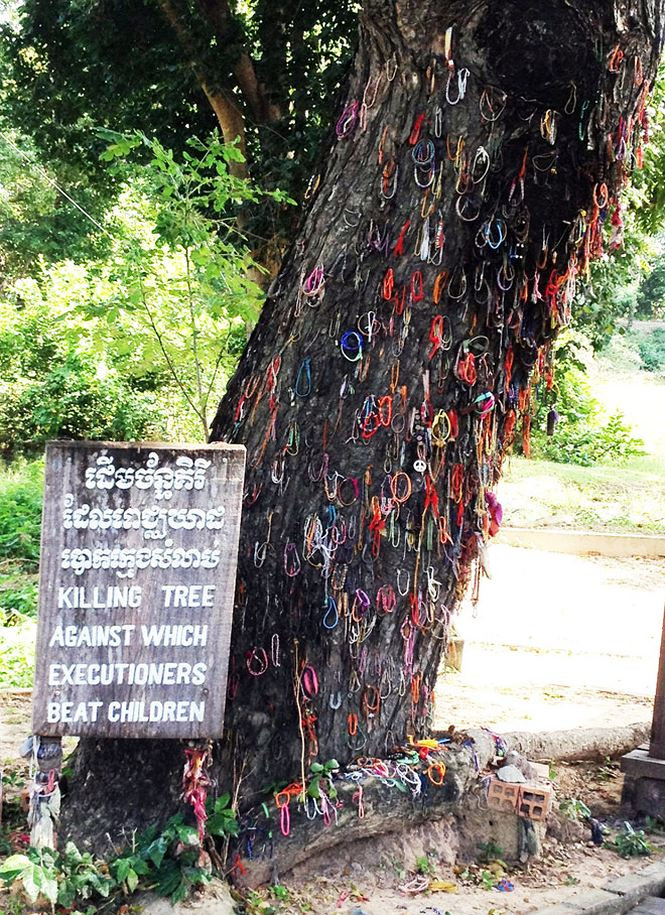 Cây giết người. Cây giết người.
---
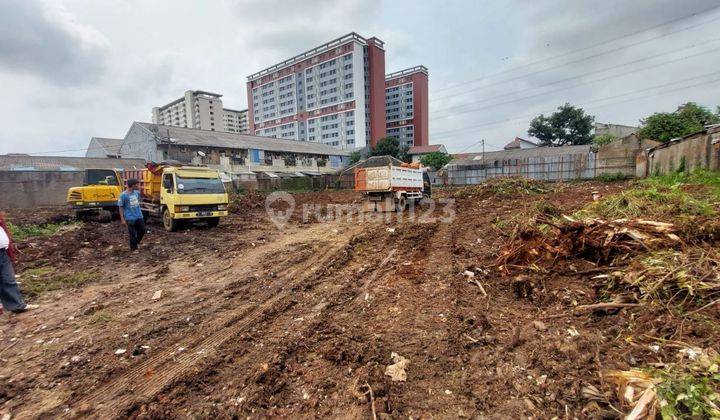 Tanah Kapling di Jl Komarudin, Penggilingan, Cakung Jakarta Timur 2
...
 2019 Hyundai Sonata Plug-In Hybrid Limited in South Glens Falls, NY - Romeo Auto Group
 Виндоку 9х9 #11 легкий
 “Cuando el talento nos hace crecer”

▸ What the task asks
The lines to extract from the data above begin with the line containing "2019 Hyundai Sonata" and end with the line containing "el talento nos". Extract them exactly, including both.

▸ Exercise response
 2019 Hyundai Sonata Plug-In Hybrid Limited in South Glens Falls, NY - Romeo Auto Group
 Виндоку 9х9 #11 легкий
 “Cuando el talento nos hace crecer”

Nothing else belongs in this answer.